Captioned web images
####################

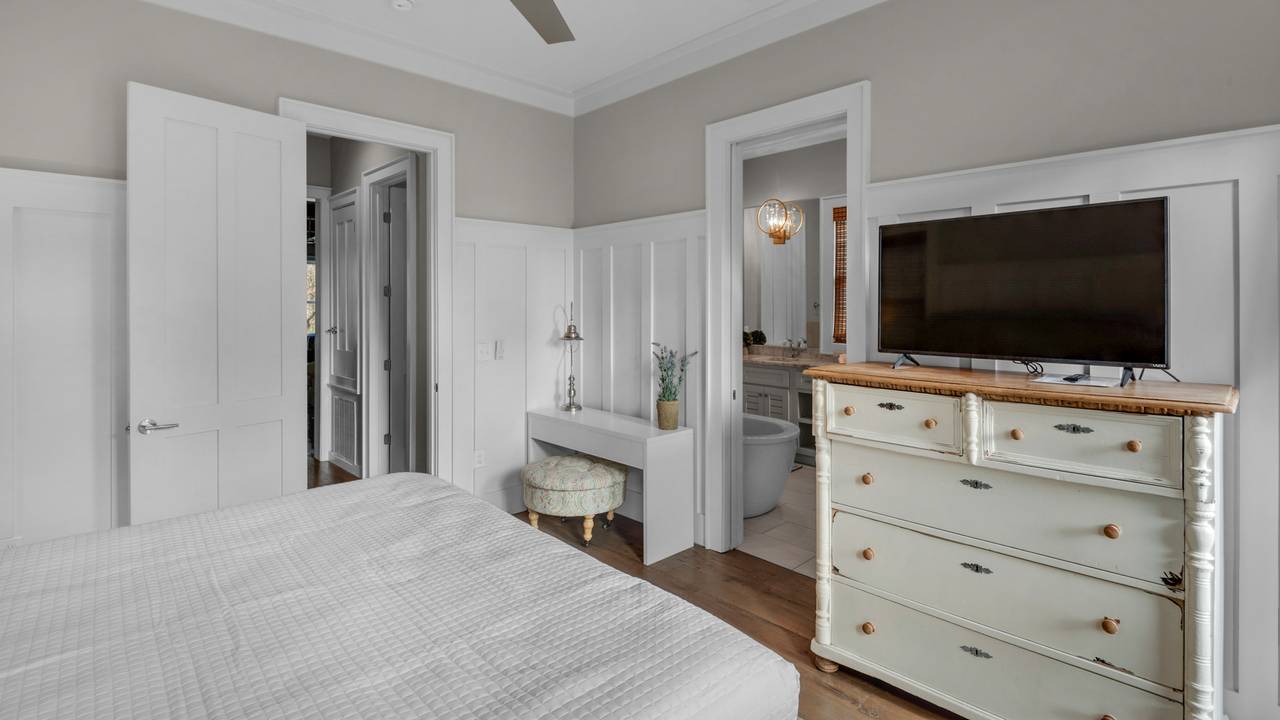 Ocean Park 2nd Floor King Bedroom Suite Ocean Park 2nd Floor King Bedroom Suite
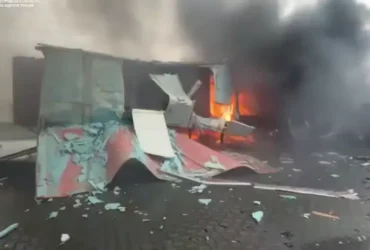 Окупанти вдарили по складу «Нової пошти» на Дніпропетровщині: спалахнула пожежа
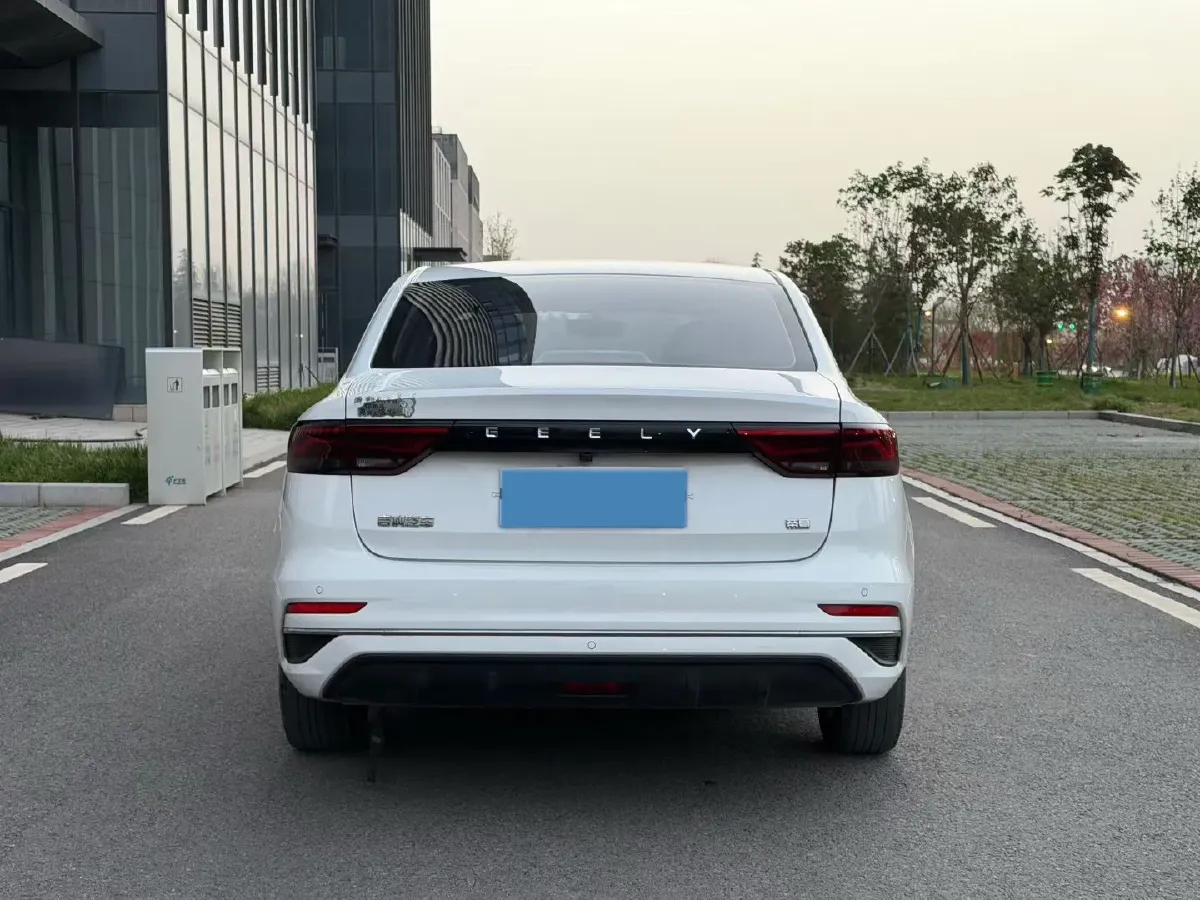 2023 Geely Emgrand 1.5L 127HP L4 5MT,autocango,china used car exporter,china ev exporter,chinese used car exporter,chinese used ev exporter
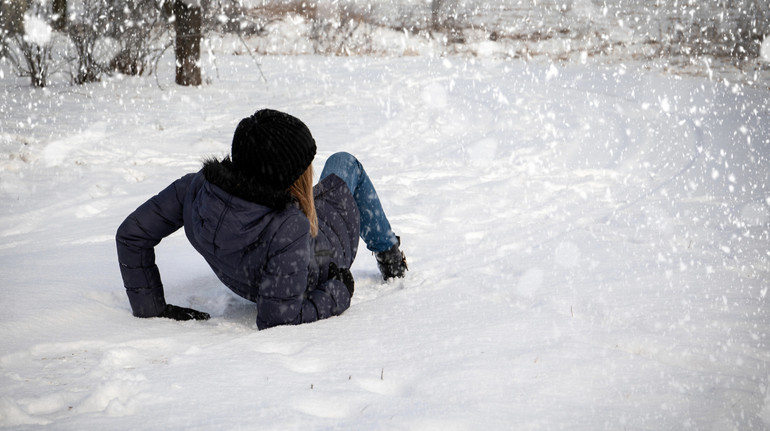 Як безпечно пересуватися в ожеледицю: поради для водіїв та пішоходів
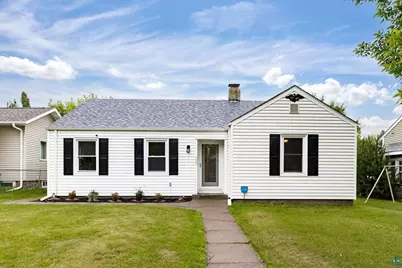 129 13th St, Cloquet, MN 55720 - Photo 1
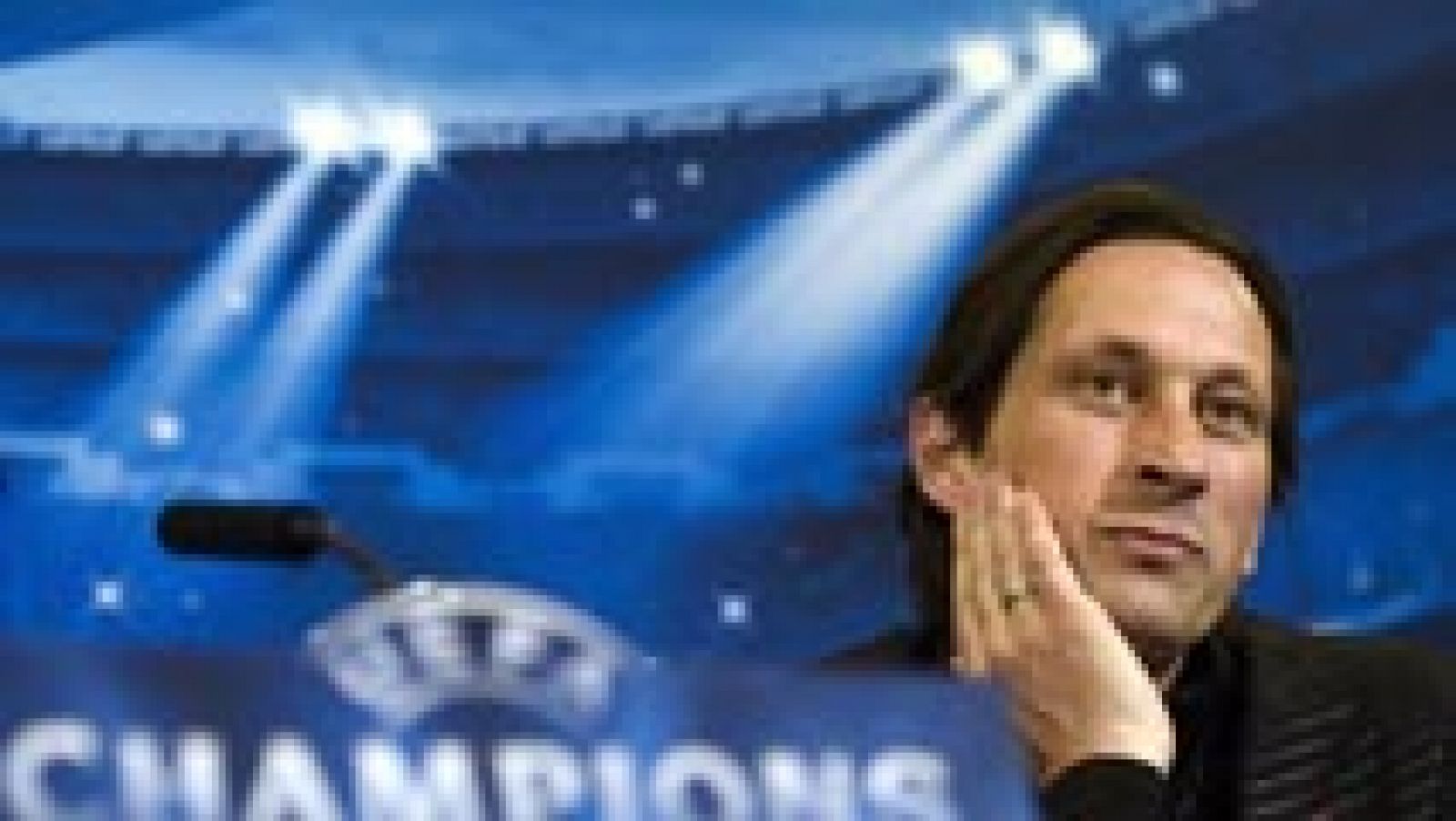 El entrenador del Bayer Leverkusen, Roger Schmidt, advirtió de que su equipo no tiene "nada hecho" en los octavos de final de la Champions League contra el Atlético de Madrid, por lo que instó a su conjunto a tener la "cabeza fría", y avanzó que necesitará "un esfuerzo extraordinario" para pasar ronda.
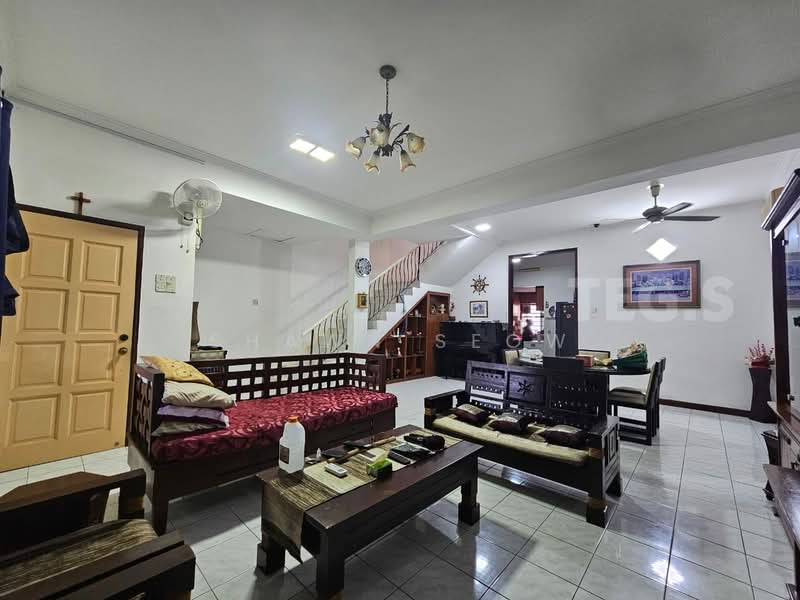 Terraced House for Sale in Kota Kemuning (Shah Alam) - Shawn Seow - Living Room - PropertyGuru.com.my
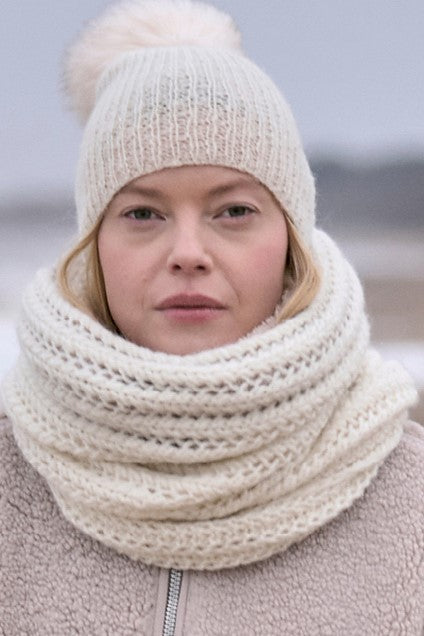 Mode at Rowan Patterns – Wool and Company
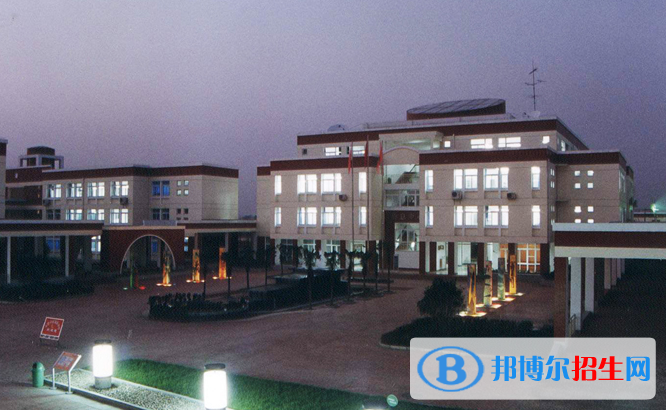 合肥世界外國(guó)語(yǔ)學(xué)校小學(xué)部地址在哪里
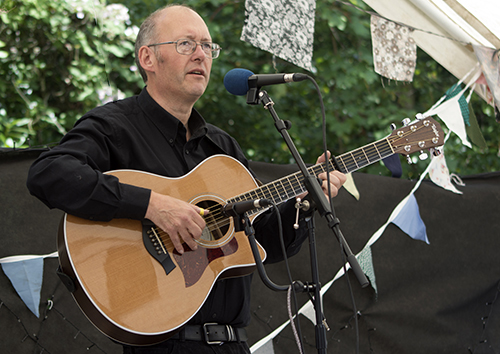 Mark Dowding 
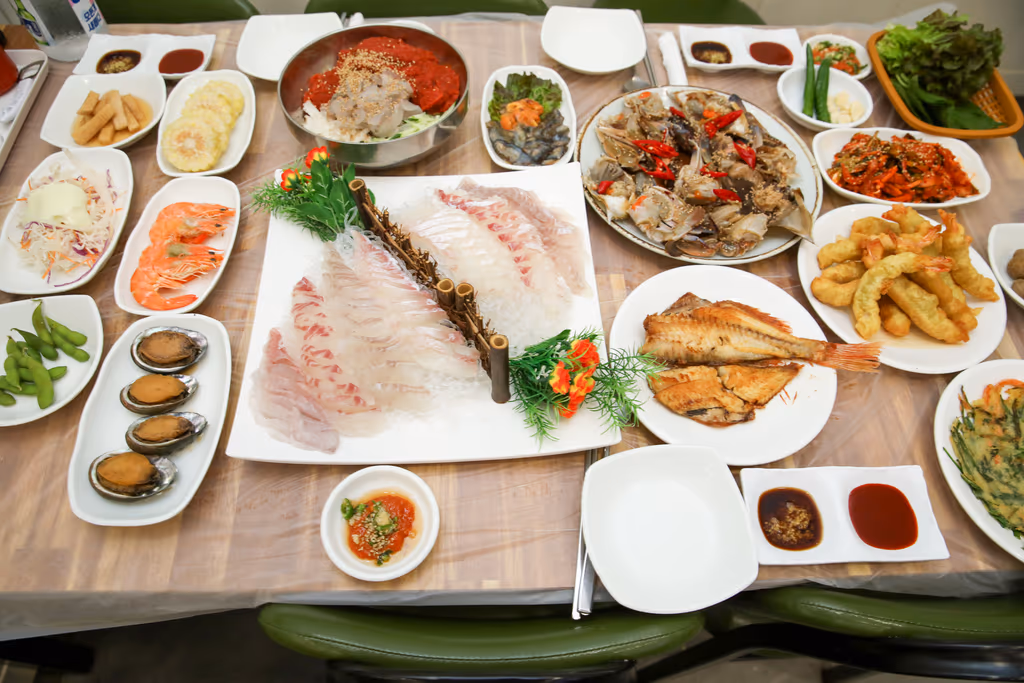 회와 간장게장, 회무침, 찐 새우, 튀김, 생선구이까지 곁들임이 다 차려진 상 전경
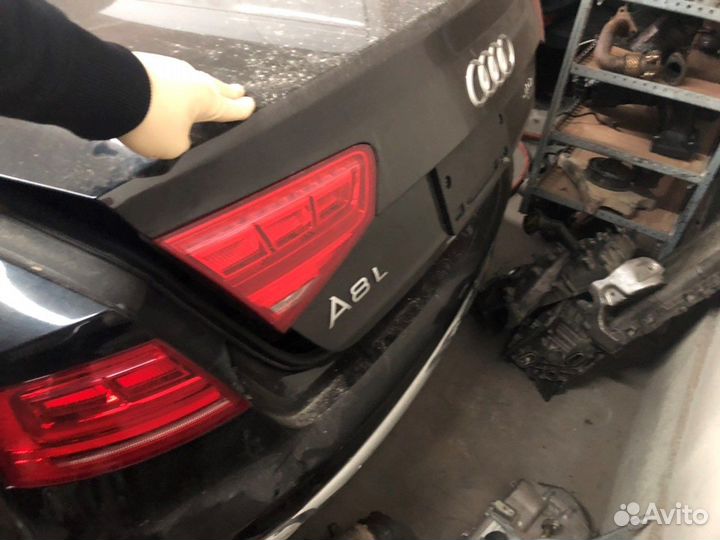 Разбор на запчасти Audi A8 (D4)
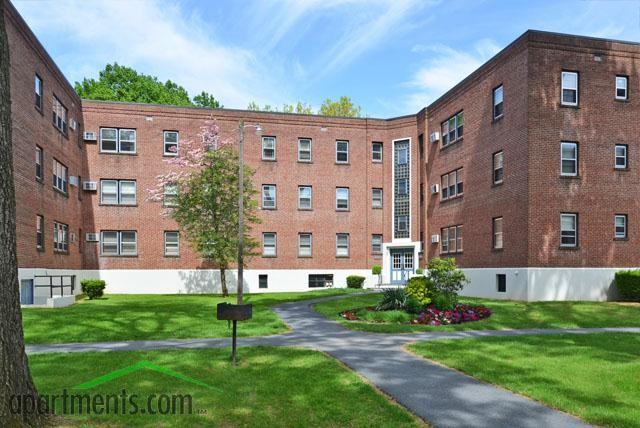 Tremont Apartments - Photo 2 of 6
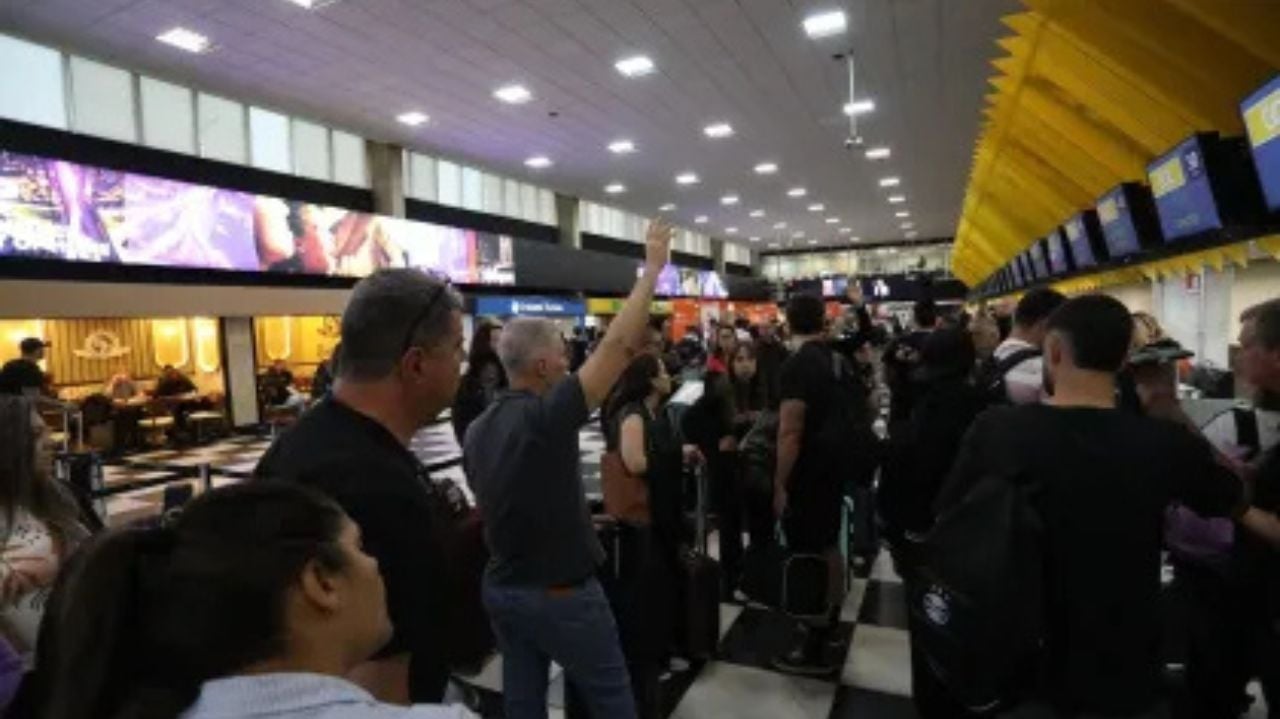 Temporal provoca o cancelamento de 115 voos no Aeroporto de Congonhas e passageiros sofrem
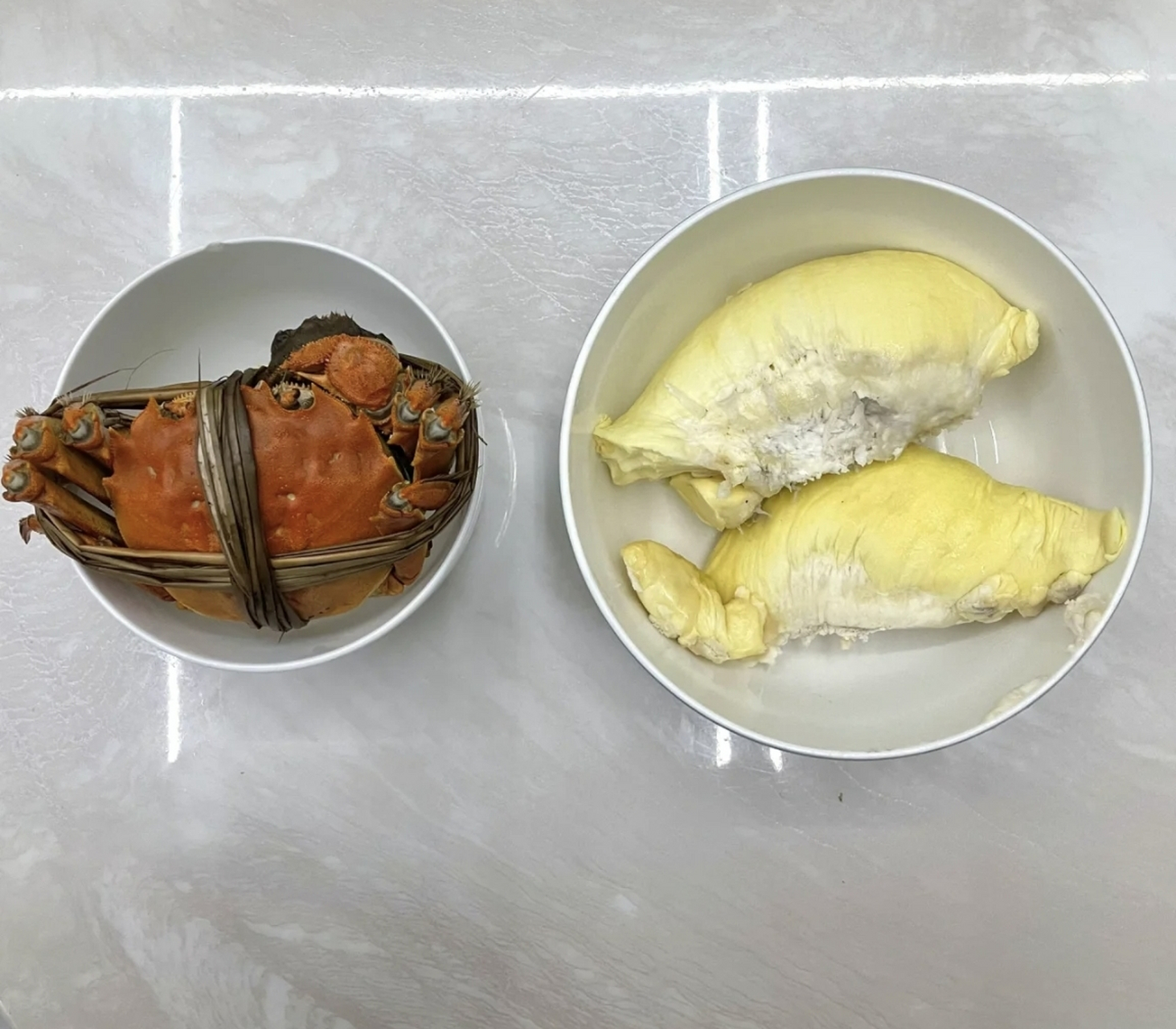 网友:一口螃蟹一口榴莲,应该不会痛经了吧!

####################

Exercise instructions:
Start to finish, write out the data above exactly, omitting all pictures.

Answer space:
 Ocean Park 2nd Floor King Bedroom Suite Ocean Park 2nd Floor King Bedroom Suite
 Окупанти вдарили по складу «Нової пошти» на Дніпропетровщині: спалахнула пожежа
 2023 Geely Emgrand 1.5L 127HP L4 5MT,autocango,china used car exporter,china ev exporter,chinese used car exporter,chinese used ev exporter
 Як безпечно пересуватися в ожеледицю: поради для водіїв та пішоходів
 129 13th St, Cloquet, MN 55720 - Photo 1
 El entrenador del Bayer Leverkusen, Roger Schmidt, advirtió de que su equipo no tiene "nada hecho" en los octavos de final de la Champions League contra el Atlético de Madrid, por lo que instó a su conjunto a tener la "cabeza fría", y avanzó que necesitará "un esfuerzo extraordinario" para pasar ronda.
 Terraced House for Sale in Kota Kemuning (Shah Alam) - Shawn Seow - Living Room - PropertyGuru.com.my
 Mode at Rowan Patterns – Wool and Company
 合肥世界外國(guó)語(yǔ)學(xué)校小學(xué)部地址在哪里
 Mark Dowding 
 회와 간장게장, 회무침, 찐 새우, 튀김, 생선구이까지 곁들임이 다 차려진 상 전경
 Разбор на запчасти Audi A8 (D4)
 Tremont Apartments - Photo 2 of 6
 Temporal provoca o cancelamento de 115 voos no Aeroporto de Congonhas e passageiros sofrem
 网友:一口螃蟹一口榴莲,应该不会痛经了吧!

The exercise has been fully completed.